The accusation of being kitsch seems to emerge whenever artists achieve any kind of mass appeal, although this usually follows from a rather vague and ill-defined notion of what exactly constitutes “kitsch.” Kitsch, properly understood, has never really been about mass appeal alone.
Historically, the word emerges from the industrial capacity to mechanically reproduce artworks and offer them to “the masses” at a relatively low cost. This is usually associated with the desire of the bourgeois class to be “cultured” and respectable. Early theorists such as the Modernist Hermann Broch and Walter Benjamin associate these forms with their immediacy. They are readily identifiable, relatable, and require little if any intellectual effort on the part of the audience. Thus, the “tastefulness” of these works, what permits their display in the home or office, is centered on their familiarity and sentimentality. The work does not alienate guests with laborious conceptual pieces that are either challenging to look at or upsetting to the mores of the petit bourgeois.

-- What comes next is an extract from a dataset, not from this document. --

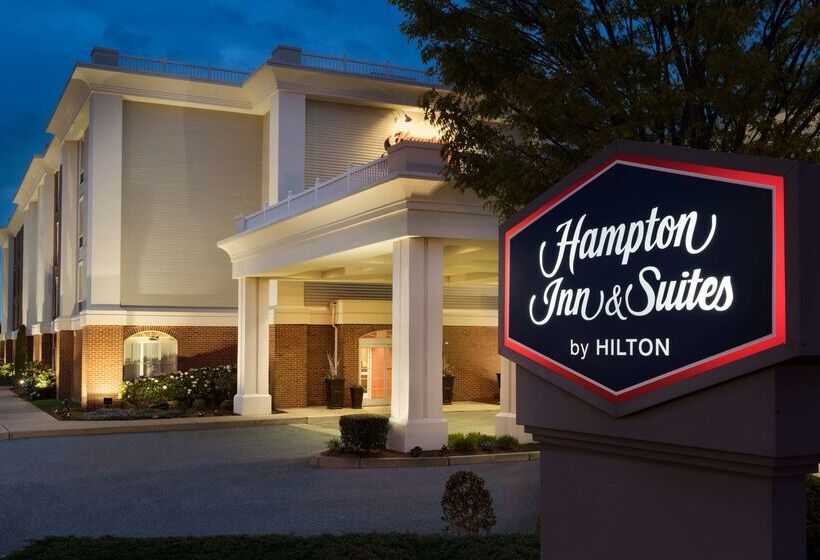 酒店 Hampton Inn & Suites Newport/middletown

Naturally, tastefulness is married to cost. The emerging middle classes cannot afford an original by a famous artist, and even if they could the problem remains that there is but one original and very many who would like to use that work to attest their own good taste. Thus, the desire for mass production is combined with a demand for tastefulness.
Over time, the idea of kitsch shifts to emphasize mass production, where trinkets, knickknacks, and various decorous “artworks” are sold to the masses so that they may make a show of their taste and style. These later examples are divorced from the idea of fine art and confined solely to the realm of the low arts where masses of know-nothings play at being cultured by possessing and displaying mechanically reproduced ornaments that are accessible, require no craft, and speak to their audience in largely emotive and sentimental terms.
Enter artists like Iris Scott, who made her New York City debut at the appropriately titled Filo Sofi Gallery on March 1, 2018.

Scott’s show, “The Door is Ajar, Mind the Cat,” is a challenge directed at an art-world for which fine art has become largely synonymous with conceptual art. Her lavish and elaborate finger paintings bespeak an immense technical skill that embraces the immediacy of sensuous and recognizable representations daring to be beautiful. So-called “fine art” has been exclusively focused on concepts for almost a century, and the more daring the approach to these concepts, the higher in esteem the artist climbs. But this daring approach to ideas leaves the world of the senses behind. It operates on an unacknowledged dualism in which the artist must abandon representation of the sensual in favor of the inscrutable world of ideas. Portraiture, landscape, and especially animals are eschewed in favor of the intangible, which is tortured into becoming tangible without ever being sensible in the full sense of the word. To the extent that any of these subjects would be permitted, they must appear so distorted through the lens of the concept that they are no longer representational of the subject, but are supposed to be representational of the indeterminable idea.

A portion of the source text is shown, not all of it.